I did a singular value decomposition on a data set similar to the one Richardson used (except with international data). The original post here looks at the projection to country-coordinates, looking at what axes describe primary differences between countries. My students had no problem with that -- Wales and North Ireland are most different, in your example, and 'give' the first principal axis. But then I continued to do it with the foods, as Richardson did (look at Figure 4 in the linked file). Students concluded in large numbers that people just don't like fresh fruit and do like fresh potatoes. Hm. They didn't conclude that people don't like Wales and do like North Ireland; they accurately saw it as an axis. But once we were talking about food instead of countries, students saw projection to the eigenspace as being indicative of some percentage of approval.
How could we visually display both parts of this principal component analysis to combat this prejudice that sometimes leads us to read left to right as worse to better?
by hobbyiston 2/12/2015, 8:03:47 PM
How differently is linear regression than PCA? I understand the procedure and methods are completely different, but isn't linear regression also going to give the same solution on these data sets?
by rrosen326on 2/12/2015, 8:03:50 PM
This is truly fantastic.
Excuse me for being daft, but how do you transform back into 'what does this mean'?
For instance, in ex 3, we see that N. Ireland is an outlier. It wasn't obvious to me that the cause was potatoes and fruit.
How does PCA help you with the fundamental meaning?
by haihaibyeon 2/13/2015, 12:01:18 PM
A webapp for doing SVD/PCA:
http://biographserv.com/bgs/docs/svd_graph_editor/
by CmonDevon 2/13/2015, 1:29:46 PM
I think the 3D chart requires a WebGL plug-in... Where can I download one for Chrome 40.x?
by languagehackeron 2/13/2015, 1:08:57 AM
PCA is a pretty okay method for dimensionality reduction. Latent Dirichlet allocation is pretty good too. It depends on what you're trying to do and how the data is distributed in N-dimensional space.

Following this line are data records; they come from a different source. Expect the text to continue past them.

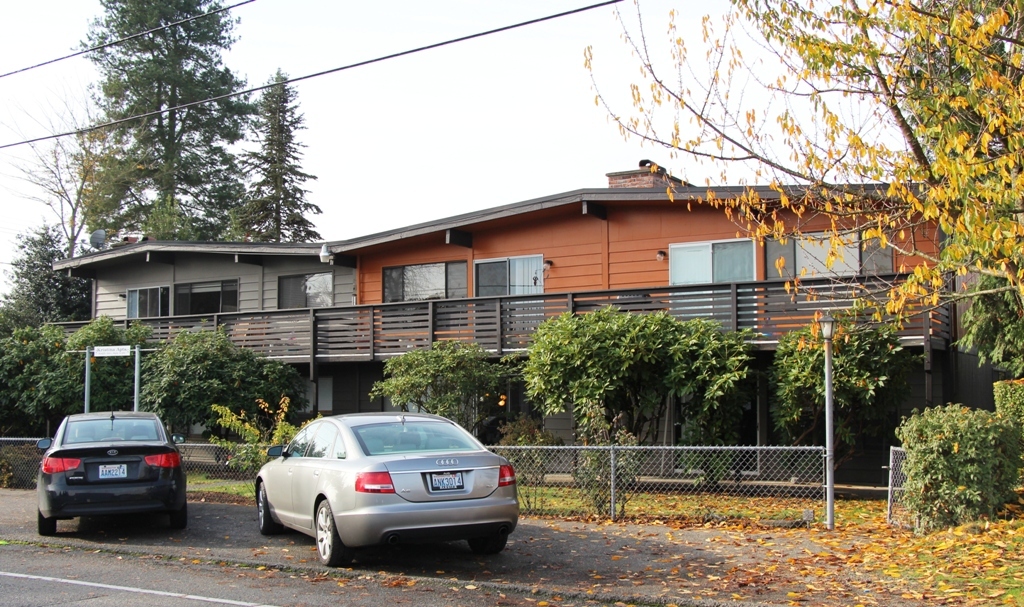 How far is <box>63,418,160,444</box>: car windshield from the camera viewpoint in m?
11.8

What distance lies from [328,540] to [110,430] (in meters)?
4.52

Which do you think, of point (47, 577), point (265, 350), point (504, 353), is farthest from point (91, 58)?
point (47, 577)

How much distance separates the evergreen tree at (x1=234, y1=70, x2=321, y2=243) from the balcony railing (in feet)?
84.5

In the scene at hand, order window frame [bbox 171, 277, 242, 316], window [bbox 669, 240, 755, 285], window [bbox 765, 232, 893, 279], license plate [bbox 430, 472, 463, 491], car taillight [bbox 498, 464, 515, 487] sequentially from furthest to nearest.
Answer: window frame [bbox 171, 277, 242, 316]
window [bbox 669, 240, 755, 285]
window [bbox 765, 232, 893, 279]
car taillight [bbox 498, 464, 515, 487]
license plate [bbox 430, 472, 463, 491]

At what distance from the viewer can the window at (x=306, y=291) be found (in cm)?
2439

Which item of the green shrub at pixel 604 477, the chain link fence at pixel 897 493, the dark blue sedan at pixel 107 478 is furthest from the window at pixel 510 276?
the dark blue sedan at pixel 107 478

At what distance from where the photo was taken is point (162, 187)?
4922cm

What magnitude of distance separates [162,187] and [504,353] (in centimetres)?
3601

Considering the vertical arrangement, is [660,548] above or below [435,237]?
below

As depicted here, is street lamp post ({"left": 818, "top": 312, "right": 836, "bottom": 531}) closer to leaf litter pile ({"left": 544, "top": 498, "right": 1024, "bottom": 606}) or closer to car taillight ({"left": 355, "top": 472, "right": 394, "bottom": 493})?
leaf litter pile ({"left": 544, "top": 498, "right": 1024, "bottom": 606})

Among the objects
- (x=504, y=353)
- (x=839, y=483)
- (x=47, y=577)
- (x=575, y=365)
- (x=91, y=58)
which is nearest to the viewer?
(x=47, y=577)

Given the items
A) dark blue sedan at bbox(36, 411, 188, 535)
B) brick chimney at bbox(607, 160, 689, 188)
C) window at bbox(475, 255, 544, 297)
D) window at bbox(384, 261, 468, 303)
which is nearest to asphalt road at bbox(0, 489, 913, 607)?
dark blue sedan at bbox(36, 411, 188, 535)

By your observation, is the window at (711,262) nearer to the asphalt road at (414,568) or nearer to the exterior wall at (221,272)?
the asphalt road at (414,568)

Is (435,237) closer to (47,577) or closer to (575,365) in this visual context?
(575,365) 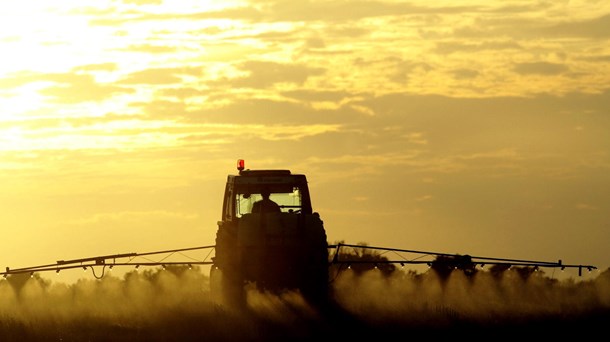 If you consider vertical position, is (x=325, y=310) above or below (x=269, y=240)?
below

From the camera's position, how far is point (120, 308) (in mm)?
47406

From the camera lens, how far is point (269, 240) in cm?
4012

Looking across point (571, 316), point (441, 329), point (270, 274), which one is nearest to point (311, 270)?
point (270, 274)

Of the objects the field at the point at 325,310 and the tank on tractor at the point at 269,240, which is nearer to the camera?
the field at the point at 325,310

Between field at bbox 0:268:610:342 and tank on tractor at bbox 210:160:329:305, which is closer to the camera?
field at bbox 0:268:610:342

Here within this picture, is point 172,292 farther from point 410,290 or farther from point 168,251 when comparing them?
point 410,290

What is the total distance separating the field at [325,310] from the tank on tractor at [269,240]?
0.65 meters

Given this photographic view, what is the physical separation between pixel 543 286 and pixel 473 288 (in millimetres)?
2898

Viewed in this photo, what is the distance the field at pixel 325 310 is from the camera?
3681 centimetres

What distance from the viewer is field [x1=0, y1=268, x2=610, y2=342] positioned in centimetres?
3681

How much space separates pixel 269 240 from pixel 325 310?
10.2ft

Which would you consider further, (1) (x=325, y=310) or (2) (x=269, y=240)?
(1) (x=325, y=310)

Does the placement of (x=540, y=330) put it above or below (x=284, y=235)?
below

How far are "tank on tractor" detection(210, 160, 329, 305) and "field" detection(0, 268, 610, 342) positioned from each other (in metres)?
0.65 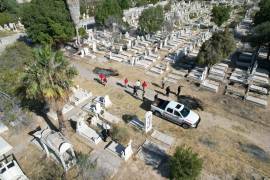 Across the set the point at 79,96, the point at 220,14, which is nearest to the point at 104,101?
the point at 79,96

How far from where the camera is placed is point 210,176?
13.2 meters

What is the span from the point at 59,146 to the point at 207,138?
415 inches

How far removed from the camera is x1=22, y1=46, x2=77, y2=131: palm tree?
12.7 meters

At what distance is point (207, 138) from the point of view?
1591 cm

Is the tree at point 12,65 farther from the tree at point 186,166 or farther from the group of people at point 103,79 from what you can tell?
the tree at point 186,166

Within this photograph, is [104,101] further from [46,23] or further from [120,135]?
[46,23]

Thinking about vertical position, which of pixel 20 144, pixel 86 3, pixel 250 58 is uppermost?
pixel 86 3

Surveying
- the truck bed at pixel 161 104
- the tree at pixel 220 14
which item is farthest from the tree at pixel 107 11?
the truck bed at pixel 161 104

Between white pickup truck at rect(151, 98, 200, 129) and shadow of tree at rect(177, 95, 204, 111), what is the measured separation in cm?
247

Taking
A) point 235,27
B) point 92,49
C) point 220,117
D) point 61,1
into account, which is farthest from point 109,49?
point 235,27

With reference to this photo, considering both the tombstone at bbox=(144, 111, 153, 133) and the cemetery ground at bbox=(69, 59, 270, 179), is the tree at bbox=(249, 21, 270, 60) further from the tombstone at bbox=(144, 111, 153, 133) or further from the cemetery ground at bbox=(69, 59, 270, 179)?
the tombstone at bbox=(144, 111, 153, 133)

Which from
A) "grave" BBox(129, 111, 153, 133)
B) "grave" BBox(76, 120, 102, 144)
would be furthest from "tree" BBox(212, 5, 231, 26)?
"grave" BBox(76, 120, 102, 144)

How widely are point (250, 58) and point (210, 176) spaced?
21290 mm

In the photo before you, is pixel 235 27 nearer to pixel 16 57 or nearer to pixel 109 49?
pixel 109 49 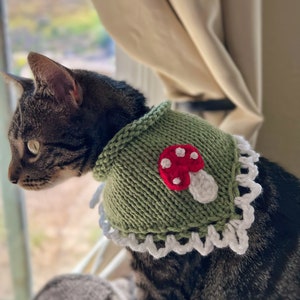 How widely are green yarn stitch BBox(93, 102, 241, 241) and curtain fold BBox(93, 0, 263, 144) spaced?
214mm

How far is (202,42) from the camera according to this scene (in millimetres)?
917

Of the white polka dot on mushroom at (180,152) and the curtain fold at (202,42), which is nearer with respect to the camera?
the white polka dot on mushroom at (180,152)

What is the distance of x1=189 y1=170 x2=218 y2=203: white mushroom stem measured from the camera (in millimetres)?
719

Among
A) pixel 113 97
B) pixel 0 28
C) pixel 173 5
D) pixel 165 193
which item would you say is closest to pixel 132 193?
pixel 165 193

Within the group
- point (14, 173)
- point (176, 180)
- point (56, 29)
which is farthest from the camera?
point (56, 29)

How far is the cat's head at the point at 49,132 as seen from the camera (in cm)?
77

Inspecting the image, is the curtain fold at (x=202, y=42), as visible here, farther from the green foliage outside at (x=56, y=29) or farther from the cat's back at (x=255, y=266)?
the green foliage outside at (x=56, y=29)

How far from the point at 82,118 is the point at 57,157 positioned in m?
0.08

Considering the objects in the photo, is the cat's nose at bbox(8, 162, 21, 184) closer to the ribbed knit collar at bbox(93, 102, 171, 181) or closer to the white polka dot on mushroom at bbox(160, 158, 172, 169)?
the ribbed knit collar at bbox(93, 102, 171, 181)

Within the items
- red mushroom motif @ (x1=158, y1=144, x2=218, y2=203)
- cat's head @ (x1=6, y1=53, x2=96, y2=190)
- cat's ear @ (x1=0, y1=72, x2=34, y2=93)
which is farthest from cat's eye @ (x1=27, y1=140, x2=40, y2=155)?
red mushroom motif @ (x1=158, y1=144, x2=218, y2=203)

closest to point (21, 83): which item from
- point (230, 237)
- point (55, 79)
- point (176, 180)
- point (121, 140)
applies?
point (55, 79)

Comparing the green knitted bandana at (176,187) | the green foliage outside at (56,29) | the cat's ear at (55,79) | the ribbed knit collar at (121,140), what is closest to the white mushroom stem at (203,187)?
the green knitted bandana at (176,187)

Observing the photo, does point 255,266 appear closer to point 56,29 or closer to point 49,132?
point 49,132

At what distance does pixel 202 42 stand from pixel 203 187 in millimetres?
328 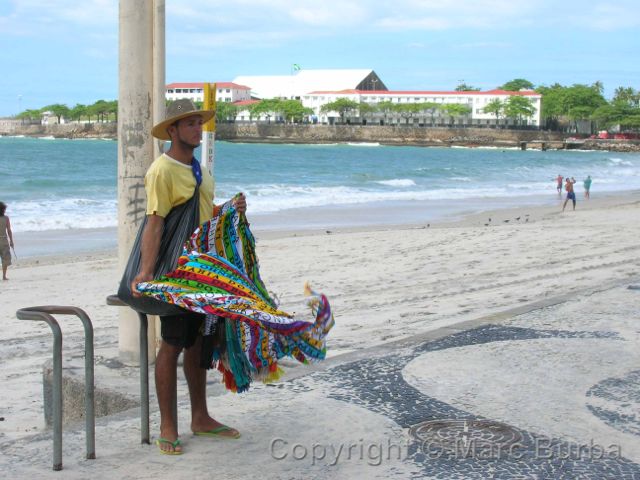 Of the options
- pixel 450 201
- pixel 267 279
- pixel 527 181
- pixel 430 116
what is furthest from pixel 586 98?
pixel 267 279

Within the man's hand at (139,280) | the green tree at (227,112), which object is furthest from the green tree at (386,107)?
the man's hand at (139,280)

by nathellon 2/12/2015, 8:19:17 PM
This is great. The only thing I'm missing is explanation of the various methods of rotating the principal axes (varimax, oblimin, etc.)
by benten10on 2/13/2015, 9:46:44 AM
Hope I'm not late to the party...Does anyone have an implementation(s) to recommend in Python?
by scottmcdoton 2/12/2015, 9:20:38 PM
Strange font, particularly the 's'. It's hard to read. Anyone else having the same experience?
by languagehackeron 2/13/2015, 1:08:59 AM
PCA is a pretty okay method for dimensionality reduction. Latent Dirichlet allocation is pretty good too. It depends on what you're trying to do and how the data is distributed in N-dimensional space.
by _almosnowon 2/13/2015, 5:02:30 PM
Pretty nice page, but it doesn't say much about PCA. "Visualizing PCA output" would be a more appropiate post title.